+++ RECORD EXTRACTS +++
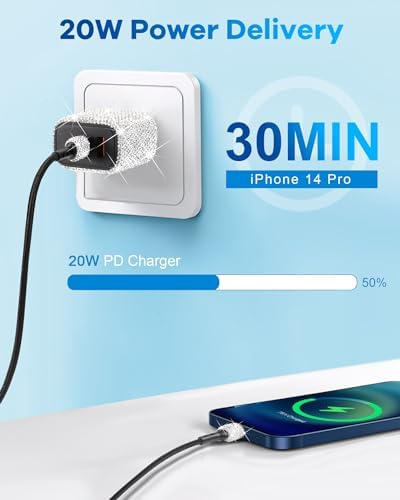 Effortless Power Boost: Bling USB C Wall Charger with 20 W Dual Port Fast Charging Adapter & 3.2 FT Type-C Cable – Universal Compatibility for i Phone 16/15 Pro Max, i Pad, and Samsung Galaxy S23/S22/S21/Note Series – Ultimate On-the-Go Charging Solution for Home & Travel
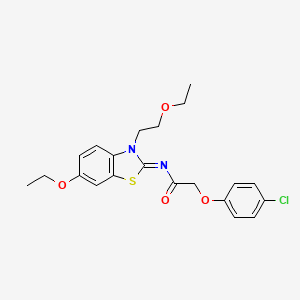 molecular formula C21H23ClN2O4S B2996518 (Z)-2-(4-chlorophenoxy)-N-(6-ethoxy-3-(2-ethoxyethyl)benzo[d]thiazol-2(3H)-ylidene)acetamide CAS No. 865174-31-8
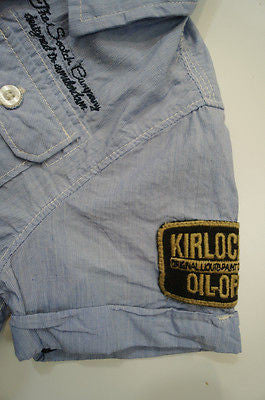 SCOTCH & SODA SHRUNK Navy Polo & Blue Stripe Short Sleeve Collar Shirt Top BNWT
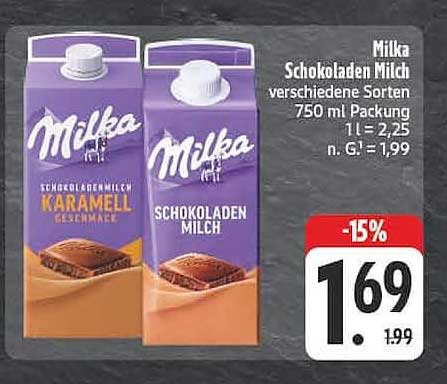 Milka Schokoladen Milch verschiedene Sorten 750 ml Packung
+++
+++ RECORD EXTRACTS +++
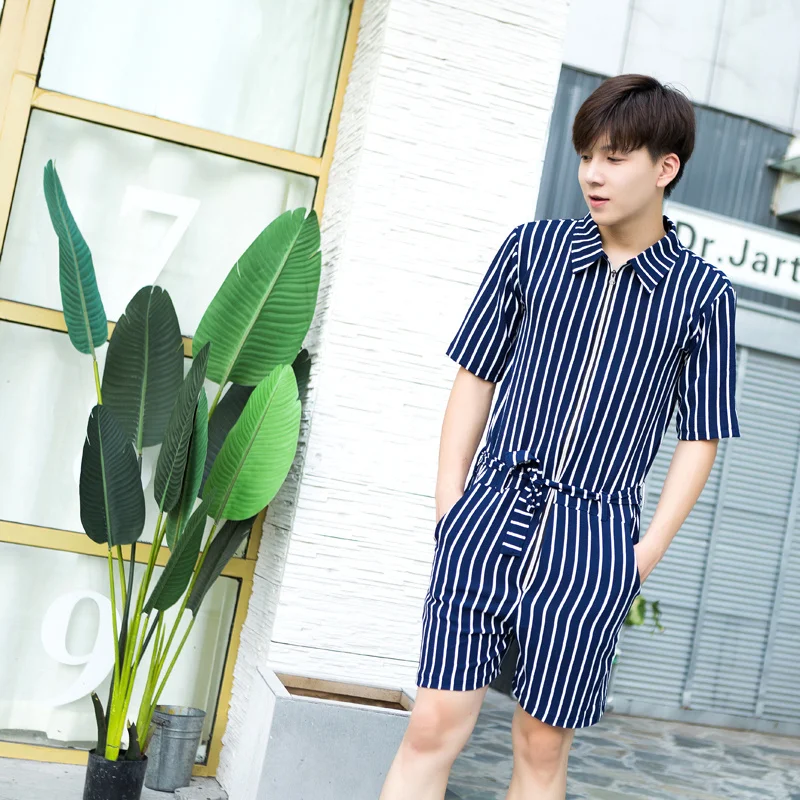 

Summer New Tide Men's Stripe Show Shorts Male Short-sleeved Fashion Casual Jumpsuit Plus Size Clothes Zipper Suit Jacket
+++
+++ RECORD EXTRACTS +++
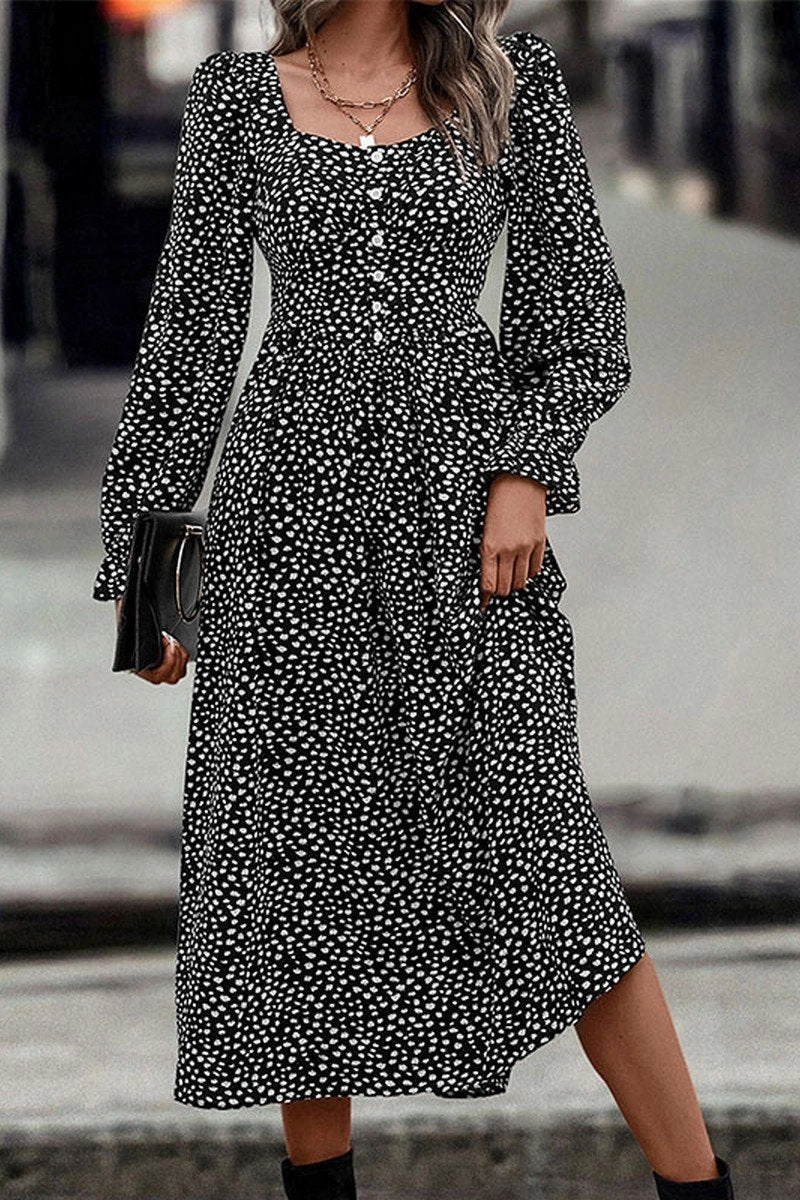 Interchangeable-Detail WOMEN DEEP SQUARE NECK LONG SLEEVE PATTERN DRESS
+++
**WHAT NEEDS TO BE DONE**
Above are some records. Output exactly the lines from the one that contains "molecular formula C21H23ClN2O4S" to the one that contains "Milka Schokoladen Milch", keeping both, and omit the pictures.

**PROBLEM SOLUTION**
 molecular formula C21H23ClN2O4S B2996518 (Z)-2-(4-chlorophenoxy)-N-(6-ethoxy-3-(2-ethoxyethyl)benzo[d]thiazol-2(3H)-ylidene)acetamide CAS No. 865174-31-8
 SCOTCH & SODA SHRUNK Navy Polo & Blue Stripe Short Sleeve Collar Shirt Top BNWT
 Milka Schokoladen Milch verschiedene Sorten 750 ml Packung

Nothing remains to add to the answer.